Join us for an exciting expose, where the Property Trio delve into the intriguing world of consumer sentiment and explore the recent developments in our markets.
In particular, we’ll be focusing on the May readings of the Westpac Melbourne Institute Consumer Sentiment Index and uncovering some thought-provoking trends.
Source: Westpac Melbourne Institute
Consumer Sentiment: A Reflection of Australian Perceptions
What we’ve learned from the May readings is that Australian’s are a fickle bunch. As soon as the Reserve Bank of Australia (RBA) paused rates, every category within the consumer sentiment index experienced an improvement. It’s clear that our perspectives can shift rapidly, with the RBA largely influencing how most Australians feel about various aspects of their lives.
House Price Expectations: Defying Rate Rise with Optimism
House Price Expectations Index: Despite the rate rise in May, this index surged from 130 to 144 points, suggesting growing optimism among Australians regarding future house prices.
Time to Buy a Dwelling Index: This index increased from 71 to 76 points
Journalists’ Influence: Assessing the Property Market’s Direction
Journalists have been asserting that the property market downturn is over and that it’s not just a temporary rebound. However, it’s hard to determine whether these claims hold true or not, only time will tell! The collective decisions made by individuals can influence the accuracy of such predictions and make them come true.

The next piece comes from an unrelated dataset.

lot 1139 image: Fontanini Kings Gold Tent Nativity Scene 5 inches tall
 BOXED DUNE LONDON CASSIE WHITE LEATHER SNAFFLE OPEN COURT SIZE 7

Furthermore, the House Price Expectations Index witnessed a significant surge of 10.7%, indicating that many people are aligning with the notion that the market has reached its lowest point and is poised for growth.
When we consider both the consumer sentiment and the underlying economic fundamentals, there seems to be little standing in the way of a continued rise in prices.
Economic Conditions: A Nose-Dive Fueled by Affordability and Inflation
It’s important to note that sentiment towards the outlook for economic conditions over the next 12 months and the next 5 years experienced almost a 10% decline over the month. Several significant factors contribute to this decline, including housing affordability and inflation.
Historically, we’ve seen a two-speed economy—one driven by overall economic performance and the other by the property market. While the RBA doesn’t directly target asset prices, their recent meeting minutes indicate their awareness of this issue. It’s a delicate balancing act for them, caught between economic concerns and the potential for surging house prices.
Front Page News: RBA’s Unexpected Rate Increase in June
Money markets were predicting a 50% likelihood of a further rate increase in August, with some suggesting the possibility of one or two additional rate hikes. The prediction in August is linked to the release of inflation numbers at the end of July. However, the RBA surprised us yet again with another rate increase this month in June, and a July rise is a 50/50 bet or better now.
It becomes evident that we need a better dashboard for tracking inflation than quarterly assessments. The market pricings we rely on are an amalgamation of opinions, often timed with data releases.
US Debt Ceiling Dance: Impact on Markets Looming
Beyond our borders, the United States approached its debt ceiling of $31.4 trillion (yes trillion!) again, necessitating approval from Congress for an increase. After weeks of high-stakes budget negotiations, the dance between Republicans and Democrats came to an end on 3rd of June when President Biden signed the new agreement into law. Such negotiations can have a significant impact on global sentiment and markets fall during this period because of the huge implications of the USA defaulting on its debt.